BRUSELAS, 8 Sep. (EUROPA PRESS) -
La Comisión Europea presentará mañana lunes un documento que
recomienda eliminar el impuesto de matriculación en toda la UE dentro
de 10 años como máximo y aproximar los impuestos de circulación, que
deberían ligarse más a las emisiones de dióxido de carbono (CO2),
según informaron a Europa Press en fuentes comunitarias.
La iniciativa estába prevista para el mes de julio, pero se vio
bloqueada por el rechazo de los gabinetes de los dos comisarios
británicos, Chris Patten, responsable de Relaciones Exteriores, y
Neil Kinnock, vicepresidente y comisario de Reforma Administrativa.

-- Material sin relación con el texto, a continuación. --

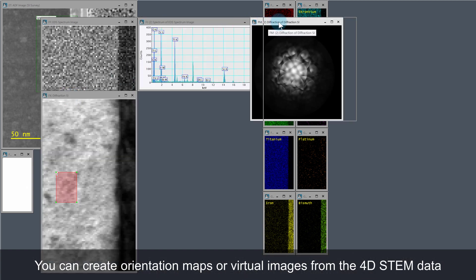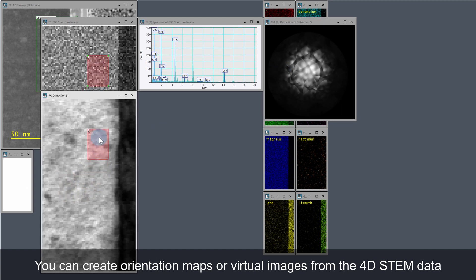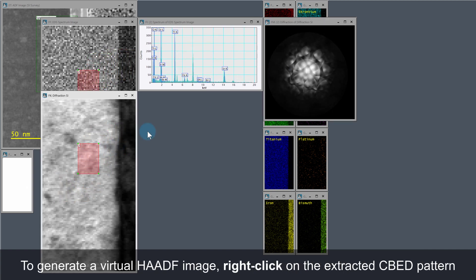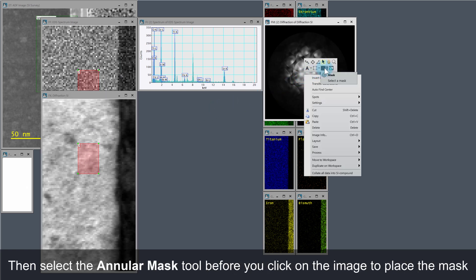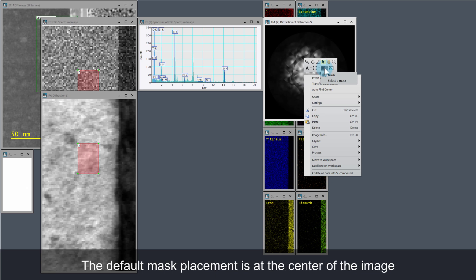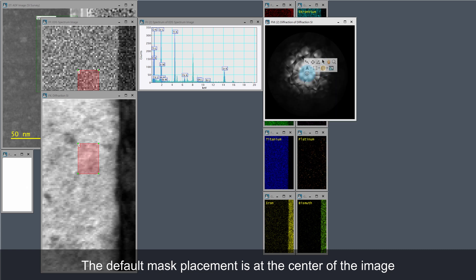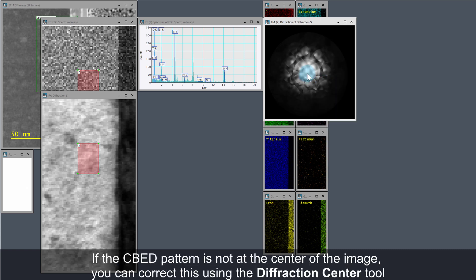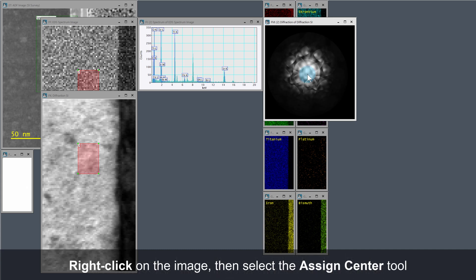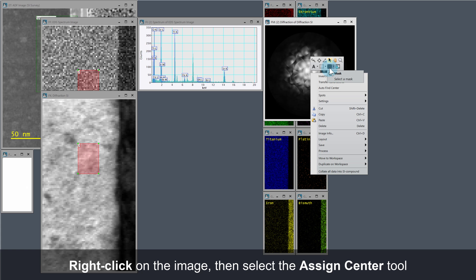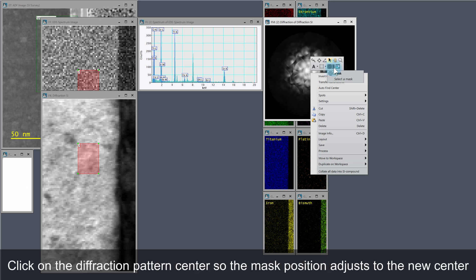Orientation maps or virtual images can be created from the 4D STEM data. To generate a virtual HAADF image, right click on the extracted CBED pattern and select the angular mask tool, then left click on the image to place the mask. The default mask placement will be at the image center. This CBED pattern is not centered at the image center, but this can easily be corrected using the diffraction centering tool. Right click on the image again and select the assign center tool, then left click at the diffraction pattern center and the mask position is adjusted to the new center.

Ahora las dificultades se han solventado y el documento será aprobado
mañana por "procedimiento escrito" (sin discusión), si ningún
gabinete se opone.
Los servicios del comisario europeo de Fiscalidad y Mercado
Interior, Frits Bolkestein, han elaborado una "comunicación" que se
someterá a la consulta de los Gobiernos de los Quince y a otros
interesados, antes de proponer medidas legislativas precisas. El
objetivo es eliminar los obstáculos al mercado único para los
fabricantes y los compradores de coches.
Bruselas calcula que un 20 por ciento de las diferencias de precios
de los automóviles entre los países de la UE se debe a los distintos
niveles de impuestos, y constata que los fabricantes suelen adaptar
los precios antes de impuestos en cada país en función de los
gravámenes nacionales.
Desde el punto de vista de los consumidores, se plantea el problema
de que el impuesto de matriculación debe pagarse en dos países
distintos cuando el automóvil se compra en un país pero se utiliza en
otro, por ejemplo, para aprovechar los precios más bajos en un país
vecino.
Por ello, sugiere reducir gradualmente los impuestos de matriculación
y estabilizarlos en niveles bajos, incluso abolirlos "tras un periodo
de transición de entre cinco y 10 años", y sustituir este impuesto
por mayores impuestos de circulación y, en alguna medida, por
impuestos sobre el combustible.
Además, aboga por que los Quince aproximen sus impuestos de
circulación, y que tanto estos como las tasas de matriculación
-mientras subsistan- se basen "total o parcialmente" en las emisiones
de CO2 del vehículo ya que, según un estudio reciente, se logran más
beneficios para el medio ambiente cuando los impuestos están más
directamente relacionados con las emisiones de gases en los coches
nuevos.
Los Quince se han comprometido a reducir las emisiones de CO2 de los
automóviles nuevos a 120 gramos por kilómetro en 2005, si es posible,
o en 2010, como muy tarde. La industria se ha comprometido a reducir
las emisiones a 140 gramos a través de mejoras técnicas, con lo que
queda una brecha que debe cubrirse, según Bruselas, especialmente con
incentivos fiscales.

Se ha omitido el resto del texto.